IMDb-Sentiment-Analysis

Large Movie Review Dataset v1.0

Overview

This dataset contains movie reviews along with their associated binary sentiment polarity labels. It is intended to serve as a benchmark for sentiment classification. This document outlines how the dataset was gathered, and how to use the files provided.

Dataset

The core dataset contains 25,000 reviews split into train, development and test sets. The overall distribution of labels is roughly balanced.

Files

Each folder contains files with negative (neg) and positive (reviews). One review per line.

Reference paper

@InProceedings{maas-EtAl:2011:ACL-HLT2011, author = {Maas, Andrew L. and Daly, Raymond E. and Pham, Peter T. and Huang, Dan and Ng, Andrew Y. and Potts, Christopher}, title = {Learning Word Vectors for Sentiment Analysis}, booktitle = {Proceedings of the 49th Annual Meeting of the Association for Computational Linguistics: Human Language Technologies}, month = {June}, year = {2011}, address = {Portland, Oregon, USA}, publisher = {Association for Computational Linguistics}, pages = {142--150}, url = { http://www.aclweb.org/anthology/P11-1015 }

Linux Terminal Instructions

IMDb.py script requires python 2.7+. After printing the results of its performance on the test set, the model will ask the user to provide a new movie review. It will detect if this new review is positive or negative by returning 1 or 0 respectively.

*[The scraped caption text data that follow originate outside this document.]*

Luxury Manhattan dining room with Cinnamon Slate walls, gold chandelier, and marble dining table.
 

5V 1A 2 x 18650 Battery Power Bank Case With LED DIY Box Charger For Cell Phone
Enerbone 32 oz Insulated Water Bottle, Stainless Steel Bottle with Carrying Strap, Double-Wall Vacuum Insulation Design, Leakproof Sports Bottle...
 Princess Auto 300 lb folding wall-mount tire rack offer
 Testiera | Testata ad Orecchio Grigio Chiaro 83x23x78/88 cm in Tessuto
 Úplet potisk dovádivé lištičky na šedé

1. The following libraries must be installed locally:

  • pandas
  • TfidfVectorizer from sklearn.feature_extraction.text
  • LogisticRegression from sklearn.linear_model
  • classification_report from sklearn.metrics

2. Use cd command to move to the directory where the script is located.

3. Before running the script from terminal, make sure that all the data frames (train, development and test) are saved in the same directory as the file.

4. Type the python version installed in your system followed by the name of the script, including the extension .py (i.e. python3 IMDb.py).

5. Wait until the performance results are printed.

6. Write a new movie review and hit Enter.

7. The model will ouput 1 for a positive review or 0 for a negative one.